Finbarr heiterte sie jedoch ein wenig auf. Sie fanden ihn unten in den Archiven, dem Kellerlabyrinth, das man unter der Bibliothek in den gewachsenen Fels hineingehauen hatte. Er saß an einem Tisch in einer kleinen Höhle, deren Wände gesäumt waren mit unzähligen Regalen voller altertümlicher Schriftrollen. Der Tisch war leer bis auf einen Schreibstift, zwei ordentliche Stapel Papier, von dem der eine bereits beschrieben war und der andere noch auf seine Benutzung wartete, sowie etwa ein halbes Dutzend Schriftrollen, die ordentlich aufgerollt und zusammengeschnürt waren. Finbarr war gerade mit der Lektüre eines dieser altertümlichen Dokumente beschäftigt und benutzte dazu das Licht einer hell glühenden Leuchtkugel, die pflichtschuldigst und mit vollkommener Stetigkeit über seinem Kopf schwebte.

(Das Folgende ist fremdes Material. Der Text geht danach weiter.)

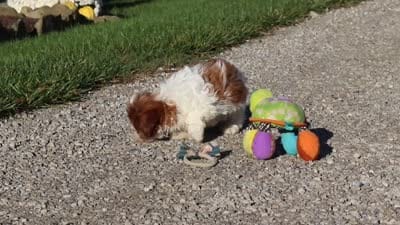 Micah, a male Shih Tzu for sale in Millersburg, OH – 7 of 7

»Ich sehe, du verschwendest deine Zeit immer noch mit diesem alten Unfug«, lauteten Eliseths verächtliche Grußworte.
Aurian erwartete halb, daß der Magusch vor Schreck zusammenfahren würde, denn er war vollkommen in seine Arbeit versunken gewesen, als sie eintraten. Aber er seufzte nur und legte die Schriftrolle auf den Tisch, wo die beiden ausgerollten Enden augenblicklich versuchten, sich wieder zusammenzurollen. »Bleib offen!« befahl Finbarr in scharfem Tonfall. Die Schriftrolle erzitterte, streckte sich und nahm prompt wieder die richtige Position ein.
Finbarr drehte sich nun zu ihnen um und betrachtete sie mit stechendblauen Augen. Er war sehr dünn, und sein glattrasiertes Gesicht besaß die typische, knochige Eckigkeit der Maguschgeborenen. Sein langes, braunes Haar war von grauen Strähnen durchzogen, aber sein Gesicht war weder alt noch jung, und seine Augen zwinkerten. »Heil dir, o Herrin des Donners, Gebieterin der Stürme«, begrüßte er Eliseth spöttisch. »Bist du gekommen, um mich mit einem Schneesturm eisiger Verachtung zu überziehen, oder willst du es nur auf mich herabregnen lassen und mir den Tag verderben?« Er blinzelte Aurian zu, die sich bemühen mußte, ein Kichern zu unterdrücken.